Shawshank Redemption is my favorite movie. It has lots of great scenes and lots of great lines. At one point Red says, “You got to get busy living or get busy dying.” It’s a kind of creed that comes up again at the end of the film. The whole movie is about hope so in other words, “Live in Hope or Die without hope”

The Easter message is summed up there. Before the passion of Our Lord Jesus Christ mankind had no hope. There was a short human life; then death. That’s it. Of course some of the old pagan religions held to a kind of afterlife, and some, like the Egyptians went to great lengths to ensure they were properly prepared for the afterlife, but there was no real hope that death could be defeated–just the tired old routines of trying to appease the gods and somehow work the magic that would help you believe that you just might make it to a happy life in the great beyond.

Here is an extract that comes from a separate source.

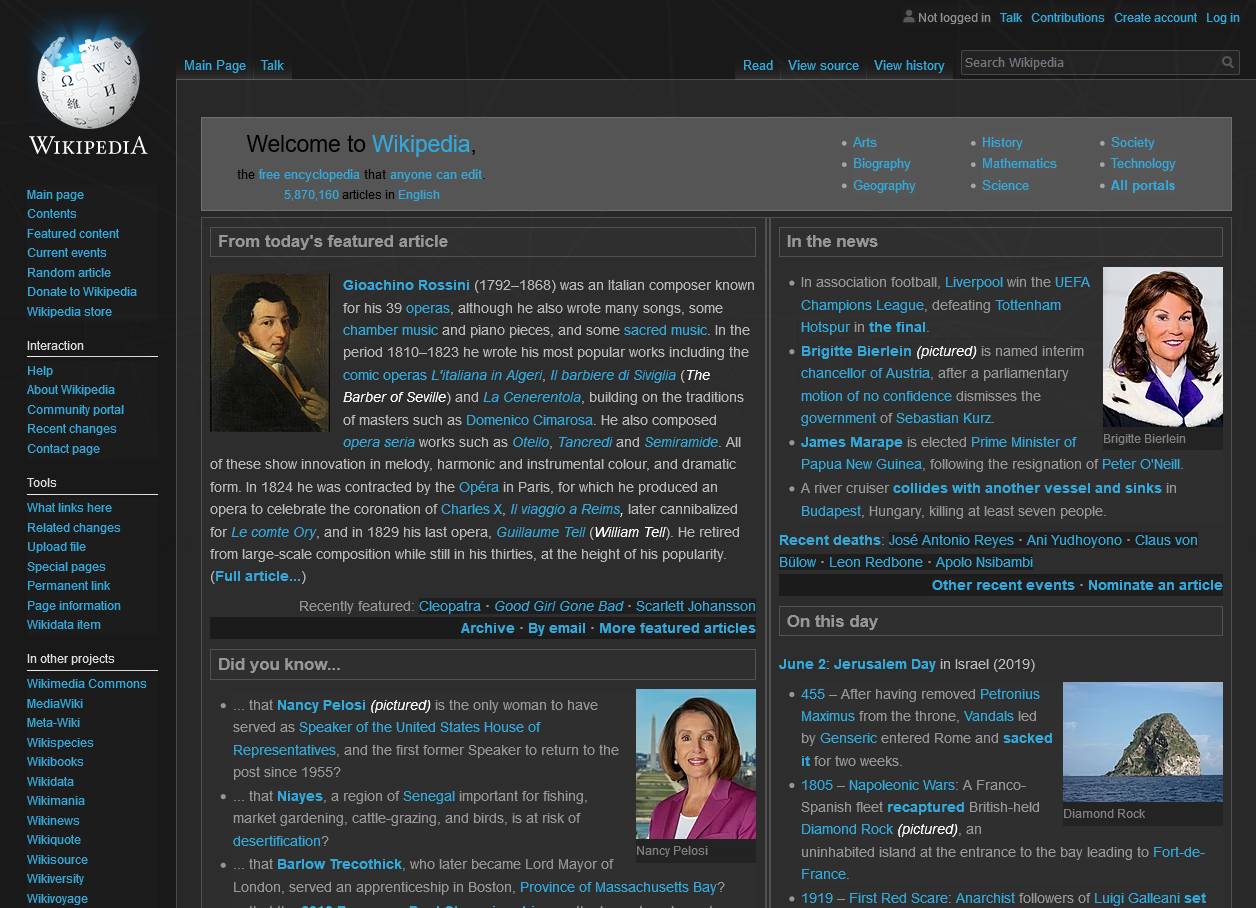 Wikipedia Dark Grey Theme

But when all was said and done there was no real hope because there was no evidence that the magic worked. The old gods were silent. The priests were impotent. The pyramids and temples and ziggaurats had crumbled. The in the Spring time of the year comes Christ the Tiger. The Lion of Judah arises. The Great Aslan. The radiant, golden-maned beast who rises like the sun or like a bridegroom emerging from his chamber.

The fact of the matter is that Christ rose from the dead. History was changed forever. Religion was changed forever. Humanity was changed forever. If one man rose, then all men might rise. If one man really conquered death, then death was conquered. It is therefore vitally important for all men to consider the claims and decide if they could possibly be true, for if they are true, the Christian faith must be considered seriously, and if they are not true, and if Christ did not rise from the dead then our faith is in vain. Evidence for the resurrection is beyond this short post, but those who wish to be reminded of the astounding evidence for this astounding claim need only go here and here.

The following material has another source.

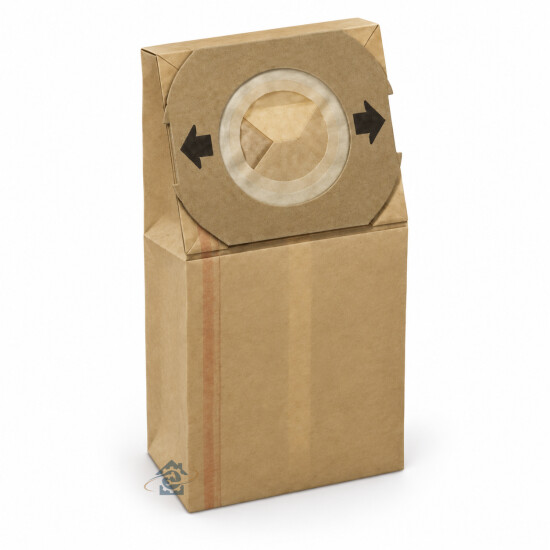 Sacs papier pour aspirateur Omega / Dicaff / AKA / EIO - 09200122 (boîte de 5)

If the resurrection of Christ is a historical fact, then we have a choice. We can get busy living or get busy dying. In other words, we can follow the path of Life or follow the path of Death. The path of Life is one that accepts the resurrection by faith and steps out to follow Jesus Christ as the Lord of Life. This path is a path of hope, a path of peace, a path of forgiveness and a path of joy. It is a proven path trod by millions of ordinary people down the ages. It is simply a new way of living opened up by the fact of the resurrection. It is available to all through baptism, faith and membership of Christ’s Church.

The other alternative is the path of Death. The path of Death can be followed in two different ways: the Epicurean or the Stoic. These two classic philosophies assume that there is nothing after this life. Therefore, the Epicurean lives for pleasure in the present moment. “Eat, drink and be merry for tomorrow you die.” While it is possible to follow this path in a crude and decadent manner it is also possible to follow it in a refined and tasteful manner. You can be an Epicurean by either loving porn, pizza and mud wrestling or by loving grand opera, haute cuisine and high class ladies. The stoic response to the fact of death is to live a dignified life of service to one’s fellow man–hoping to leave the world a better place than you found it. Both philosophies end in despair.

Only the way of life can lead to true hope, true love, true peace and true joy in this life and the next. So in this Easter Season, decide again: Get Busy Living or Get Busy Dying.